## STORED DATA
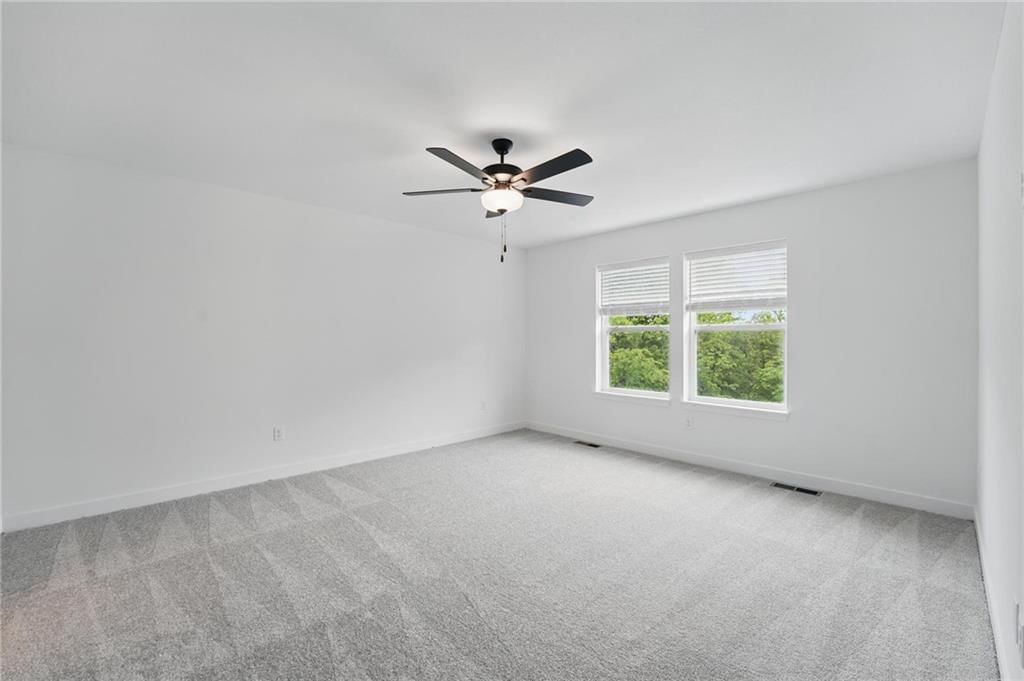 305 SW Amara Drive — photo 5
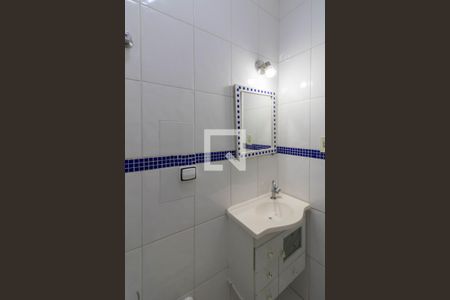 Casa à venda com 68m², 2 quartos e 2 vagasBanheiro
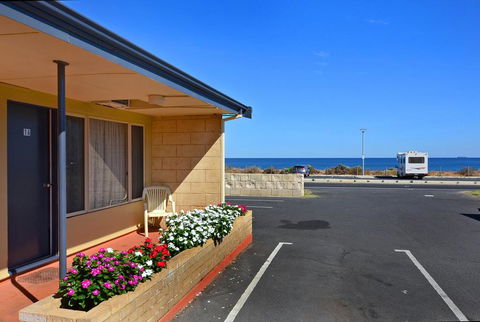 Ocean Drive Motel - Dentist Find 0
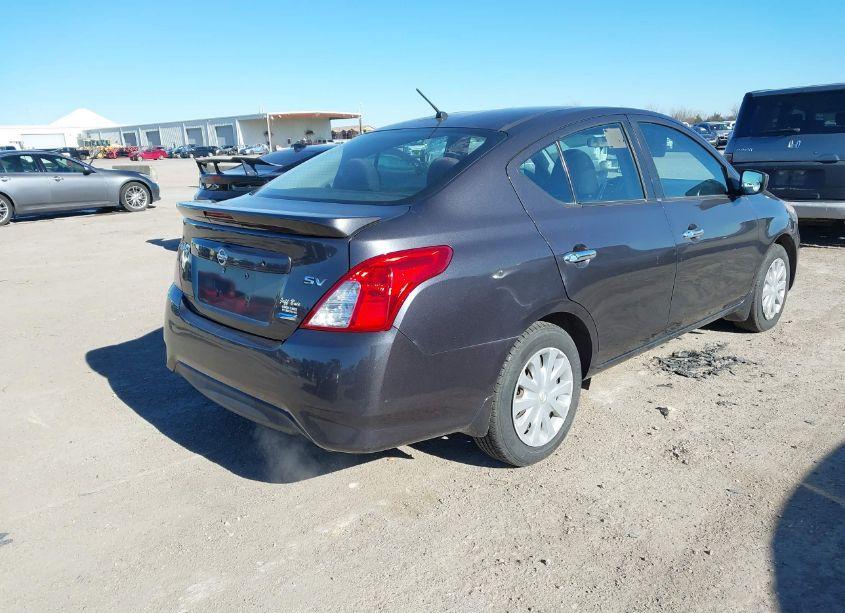 Photo 4 of 2015 Nissan Versa 1.6 S/1.6 S+/1.6 SL/1.6 SV (VIN 3N1CN7AP3FL816136)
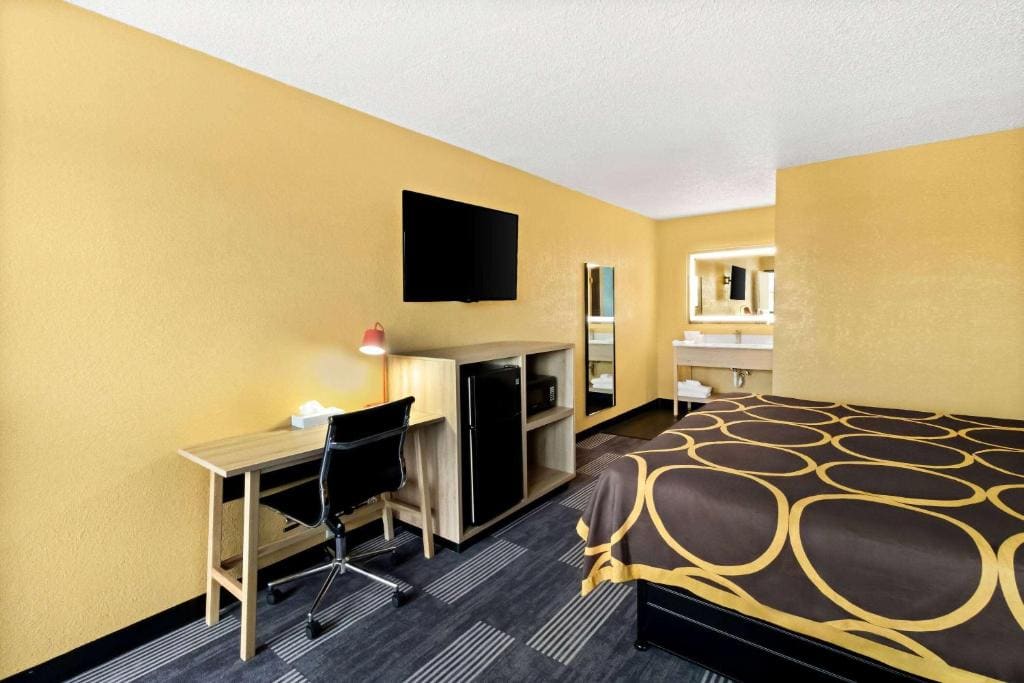King Room - Non-Smoking room - Image 1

## WHAT THE TASK ASKS
For this exercise, write out exactly the lines from the one with "Casa à venda" through the last line of the records, inclusive, and leave each picture out.

## RESPONSE
 Casa à venda com 68m², 2 quartos e 2 vagasBanheiro
 Ocean Drive Motel - Dentist Find 0
 Photo 4 of 2015 Nissan Versa 1.6 S/1.6 S+/1.6 SL/1.6 SV (VIN 3N1CN7AP3FL816136)
King Room - Non-Smoking room - Image 1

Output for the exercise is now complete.